I was the first candidate to have the Natatorium (defunct since the’90s) swimming pool open for inspection. I was an advocate for reopening the pool. I am just a for-real person. I don’t have a polished, canned speech telling you what you want to hear.
I was the only candidate against the super popular Measure EE parcel tax, mainly because it was underfunded. It was the latest trend in self-taxing, which could free up more money for the cities for Redevelopment Agency scams.
In other letters, I questioned a City Councilman during one meeting about the development on Irving Place that started out as a private sale of public property for $2.4 million to a private developer to finance other Redevelopment Agency projects. What began as a private party condo investment somehow became a Culver City $6 miillion taxpayer-financed investment apartment scam with $4.4 million forgiven for the opportunity for three low-income and nine moderate income city or School District employees getting first dibs for paying market rate rents.
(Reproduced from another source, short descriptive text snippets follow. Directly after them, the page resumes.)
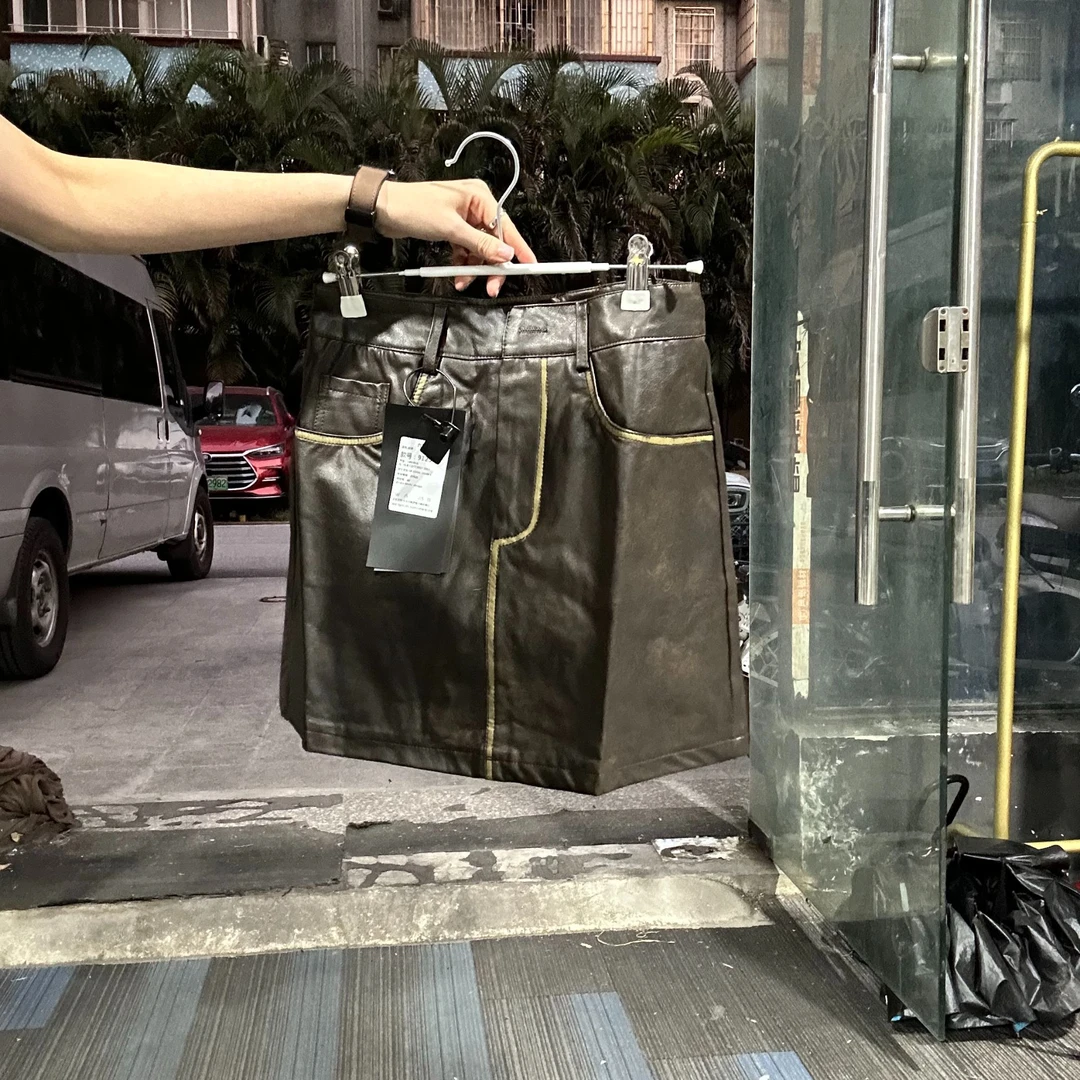 早秋个性复古直筒显瘦PU皮气质小众百搭性感辣妹包臀半身裙女9125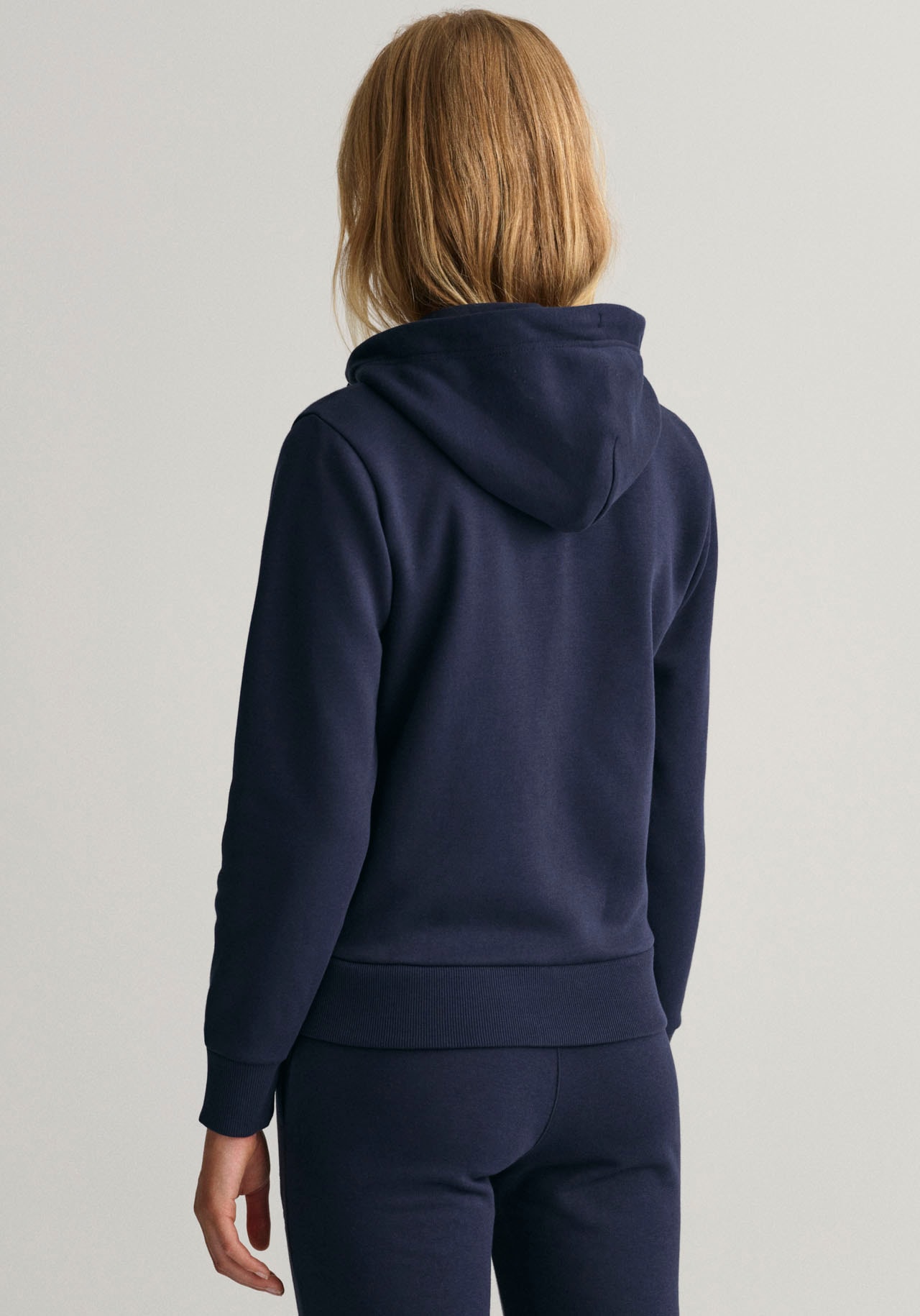 Gant Sweatjacke »REG TONAL SHIELD ZIP HOODIE«, mit Logostickerei auf der  Brust online kaufen | BAUR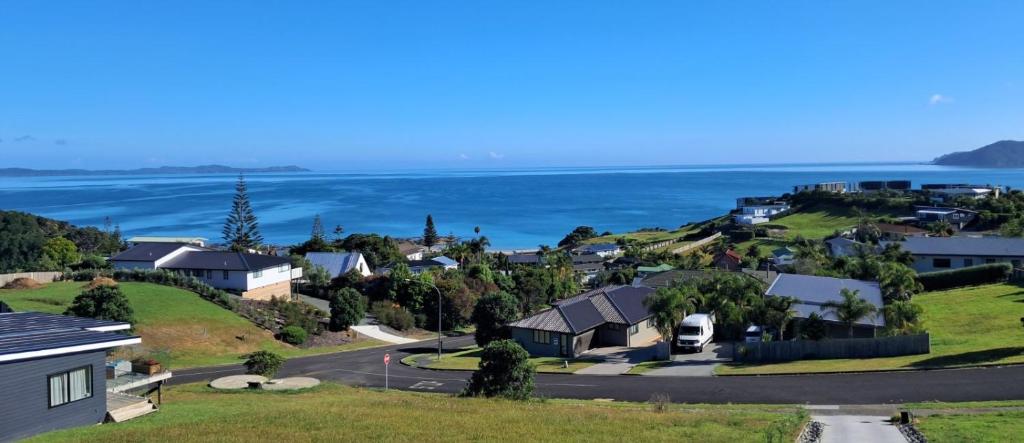 The King's Keep, Cable Bay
The present Mayor Cooper was roaring to get the measure passed with only two days public (legal) notice, given on a Friday for a meeting set for Monday.
I questioned the Council as to why they do not financially assist the schools. One Councilman replied that they were prohibited by law.
When the Redevelopment Agency was threatened with shutdown by the newly elected Gov. Brown because they were not sharing the money with the schools, the Agency hastily scrambled to make all kinds of new development deals to preempt the shutdown, more than $40million. Not one penny for the School District.
The Redevelopment Agency members and City Council were the same people. They just switched hats.
Wrote about that, too.
The premise that there is a law that would prohibit any city from financially assisting a school district is unbelievable. It is constantly repeated by Culver City politicians does not make it true. School Board members fall for it, though. Culver citizens like their politicians dumb and the politicians like their citizens dumber.
Three times in your letter you were ashamed and once you were disappointed.
Some times the truth does make one ashamed.
Educate the readers about what specifically made you ashamed.